As you make the leap from a traditional TV to a mini projector, there are a few things to consider. Chief among them is something unique to the platform: the throw ratio, or the distance the projector is from the screen versus the size of the projected image. If you’re working in a small or unevenly lit viewing environment, the Optoma ML750ST’s short throw is ideal.
The Optoma’s specifications make it an excellent choice for both home and business users. The projector touts a native resolution of 1280 x 800 pixels, and it can upscale video content to 1080i. Its excellent benchmark performance was confirmed in our hands-on testing. We used the ML750ST to view a variety of high-definition videos in dark and light environments, and those with ambient light and image quality fared quite well in both settings. Fine on-screen details were rendered in clear focus, and even on high brightness settings, color levels remained consistent and didn’t appear washed out.
The ML750ST’s short throw ratio of 0.8:1 also contributes to its pristine image quality. Short-throw projectors like the Optoma don’t need to be as far away from the display surface as typical projectors – you’ll only need to place the projector 4 feet away from a surface in order to produce a 6-foot image.
This projector has the standard connectivity options, and it even boasts an integrated document reader, which is useful in office settings. You can display common file formats, such as PDFs and DOCs, from a USB drive, so you aren’t obligated to connect to a laptop.
The Optoma houses its ports on its backside, and the selection includes HDMI, USB, 3.55mm audio output and a microSD slot. As with most business-centric mini projectors, the Optoma doesn’t support Bluetooth devices or out-of-the-box wireless mirroring, which is an inconvenience for home users. For that functionality, you have to purchase the optional USB dongle from Optoma.
The projector’s exceptional hardware suits its outward design. It measures 4.1 x 4.2 x 1.5 inches and weighs 0.8 pounds. Its vented black siding complements the durable white plastic on the top, and an adjustable leg on the bottom lets you adjust the projection angle for large screens.

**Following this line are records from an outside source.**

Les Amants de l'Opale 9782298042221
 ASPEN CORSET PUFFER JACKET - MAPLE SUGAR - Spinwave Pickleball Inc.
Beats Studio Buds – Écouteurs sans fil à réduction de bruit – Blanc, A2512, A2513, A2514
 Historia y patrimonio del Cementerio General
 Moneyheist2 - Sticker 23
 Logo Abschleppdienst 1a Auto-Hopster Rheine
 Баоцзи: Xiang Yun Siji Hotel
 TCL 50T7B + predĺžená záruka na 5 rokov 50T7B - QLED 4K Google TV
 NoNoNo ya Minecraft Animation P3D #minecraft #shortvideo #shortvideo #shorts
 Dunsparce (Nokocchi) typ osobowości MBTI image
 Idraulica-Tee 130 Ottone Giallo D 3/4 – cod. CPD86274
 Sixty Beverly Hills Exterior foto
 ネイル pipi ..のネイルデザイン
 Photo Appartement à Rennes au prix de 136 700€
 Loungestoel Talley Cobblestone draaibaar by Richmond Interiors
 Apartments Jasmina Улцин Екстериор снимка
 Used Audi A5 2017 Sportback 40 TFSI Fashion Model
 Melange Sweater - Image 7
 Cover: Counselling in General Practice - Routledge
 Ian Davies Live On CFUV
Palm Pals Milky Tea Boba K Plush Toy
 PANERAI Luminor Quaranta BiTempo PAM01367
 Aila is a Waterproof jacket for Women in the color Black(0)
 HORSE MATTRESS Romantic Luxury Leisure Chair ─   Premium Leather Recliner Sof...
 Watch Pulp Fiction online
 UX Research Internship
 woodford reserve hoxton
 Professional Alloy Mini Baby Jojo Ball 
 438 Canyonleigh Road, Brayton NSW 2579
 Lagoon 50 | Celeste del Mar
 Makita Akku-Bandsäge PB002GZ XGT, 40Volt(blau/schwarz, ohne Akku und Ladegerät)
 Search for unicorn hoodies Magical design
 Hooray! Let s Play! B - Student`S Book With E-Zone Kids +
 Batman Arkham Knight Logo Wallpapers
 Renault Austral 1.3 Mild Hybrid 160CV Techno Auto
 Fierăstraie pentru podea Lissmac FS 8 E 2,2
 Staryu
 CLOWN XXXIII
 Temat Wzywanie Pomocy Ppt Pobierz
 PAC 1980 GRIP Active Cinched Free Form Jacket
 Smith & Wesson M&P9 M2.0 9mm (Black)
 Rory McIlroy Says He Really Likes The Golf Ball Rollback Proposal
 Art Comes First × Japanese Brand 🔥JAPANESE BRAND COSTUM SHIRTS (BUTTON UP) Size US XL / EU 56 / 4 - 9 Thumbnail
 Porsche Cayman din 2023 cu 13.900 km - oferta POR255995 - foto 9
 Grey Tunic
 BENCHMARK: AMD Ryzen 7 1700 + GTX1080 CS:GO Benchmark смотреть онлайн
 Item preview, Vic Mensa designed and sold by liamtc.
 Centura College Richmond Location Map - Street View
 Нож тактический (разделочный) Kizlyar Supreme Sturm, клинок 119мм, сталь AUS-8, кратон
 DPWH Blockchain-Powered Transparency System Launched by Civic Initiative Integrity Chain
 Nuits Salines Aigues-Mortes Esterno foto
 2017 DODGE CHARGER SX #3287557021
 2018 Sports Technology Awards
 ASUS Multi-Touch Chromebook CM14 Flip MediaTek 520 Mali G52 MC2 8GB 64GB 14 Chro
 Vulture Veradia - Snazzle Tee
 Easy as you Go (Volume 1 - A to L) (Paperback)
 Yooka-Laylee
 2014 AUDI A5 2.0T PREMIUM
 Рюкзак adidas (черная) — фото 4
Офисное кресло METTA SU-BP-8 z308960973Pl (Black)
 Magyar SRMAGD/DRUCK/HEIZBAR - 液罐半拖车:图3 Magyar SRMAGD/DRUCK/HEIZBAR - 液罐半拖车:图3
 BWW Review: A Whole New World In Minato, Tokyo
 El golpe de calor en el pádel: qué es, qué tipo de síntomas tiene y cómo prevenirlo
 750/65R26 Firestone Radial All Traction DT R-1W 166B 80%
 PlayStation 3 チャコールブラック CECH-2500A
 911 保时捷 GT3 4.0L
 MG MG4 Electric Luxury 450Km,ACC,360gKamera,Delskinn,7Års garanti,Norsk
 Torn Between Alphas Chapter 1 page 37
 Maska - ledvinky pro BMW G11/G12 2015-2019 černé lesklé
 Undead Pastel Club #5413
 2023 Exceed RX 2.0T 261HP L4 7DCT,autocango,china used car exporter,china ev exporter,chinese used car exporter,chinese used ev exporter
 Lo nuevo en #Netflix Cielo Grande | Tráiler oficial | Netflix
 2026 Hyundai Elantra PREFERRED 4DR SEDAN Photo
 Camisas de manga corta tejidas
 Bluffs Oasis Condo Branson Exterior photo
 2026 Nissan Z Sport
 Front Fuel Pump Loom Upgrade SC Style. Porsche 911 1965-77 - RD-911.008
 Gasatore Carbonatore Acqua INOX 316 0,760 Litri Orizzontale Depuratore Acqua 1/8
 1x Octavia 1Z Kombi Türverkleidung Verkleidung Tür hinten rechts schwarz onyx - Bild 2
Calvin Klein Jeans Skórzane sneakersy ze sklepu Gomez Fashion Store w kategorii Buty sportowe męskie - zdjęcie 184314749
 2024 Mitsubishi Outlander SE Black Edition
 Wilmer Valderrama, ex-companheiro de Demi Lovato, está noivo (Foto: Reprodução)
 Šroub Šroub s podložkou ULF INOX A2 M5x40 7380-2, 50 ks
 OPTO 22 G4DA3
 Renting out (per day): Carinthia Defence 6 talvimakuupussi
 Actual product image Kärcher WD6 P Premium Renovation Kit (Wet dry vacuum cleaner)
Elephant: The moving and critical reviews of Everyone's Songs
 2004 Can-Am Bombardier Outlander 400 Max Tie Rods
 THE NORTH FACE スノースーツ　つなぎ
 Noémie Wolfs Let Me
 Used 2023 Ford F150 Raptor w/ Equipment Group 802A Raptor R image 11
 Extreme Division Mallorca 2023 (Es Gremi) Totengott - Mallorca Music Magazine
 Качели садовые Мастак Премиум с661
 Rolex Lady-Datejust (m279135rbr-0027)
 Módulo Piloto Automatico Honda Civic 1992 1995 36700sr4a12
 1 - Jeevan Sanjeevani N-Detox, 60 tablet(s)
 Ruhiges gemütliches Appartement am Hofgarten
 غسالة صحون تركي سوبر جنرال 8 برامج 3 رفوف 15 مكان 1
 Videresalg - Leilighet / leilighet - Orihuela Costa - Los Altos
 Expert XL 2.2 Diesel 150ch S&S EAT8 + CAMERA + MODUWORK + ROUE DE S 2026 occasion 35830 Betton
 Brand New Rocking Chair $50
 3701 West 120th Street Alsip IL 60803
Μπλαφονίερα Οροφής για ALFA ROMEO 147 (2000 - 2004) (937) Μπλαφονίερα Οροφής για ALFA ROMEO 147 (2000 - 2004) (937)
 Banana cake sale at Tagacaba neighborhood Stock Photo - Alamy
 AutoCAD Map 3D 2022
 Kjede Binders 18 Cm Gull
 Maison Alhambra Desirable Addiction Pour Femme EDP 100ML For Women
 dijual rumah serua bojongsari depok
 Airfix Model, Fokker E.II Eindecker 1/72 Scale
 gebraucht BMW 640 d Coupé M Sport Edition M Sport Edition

During long test sessions using the power adapter, we never had problems with the projector’s fan. Even at peak usage, the fan maintained steady performance at a low whirr. Especially when you use it for movie watching, its ability to stay quiet is a plus. The included carrying case provides ample protection when you’re on the go, and it even has a tethered rubber bulb cover. It’s a nice added touch that further protects the projector from fingerprints, scratches and damage.
In general, these small projectors have middling sound quality, and you’re often better off connecting to an external audio source. But if you’re using the projector inside or with a quiet group, you’ll find the audio to be more than sufficient. The audio from this Optoma does sound clear. However, serious audiophiles will find that bass and low-end definition are somewhat lacking, for whom we recommend the Epson EX3260. Still, the speaker can project loud enough for videos and presentations. As with most high-end mini projectors, the Optoma doesn’t have an internal battery, so you have to keep it within reach of a wall power outlet.
Optoma offers a one-year warranty on the ML750ST. You can also get troubleshooting assistance from the company via live chat, email and phone agents. There is also a large and helpful online support section.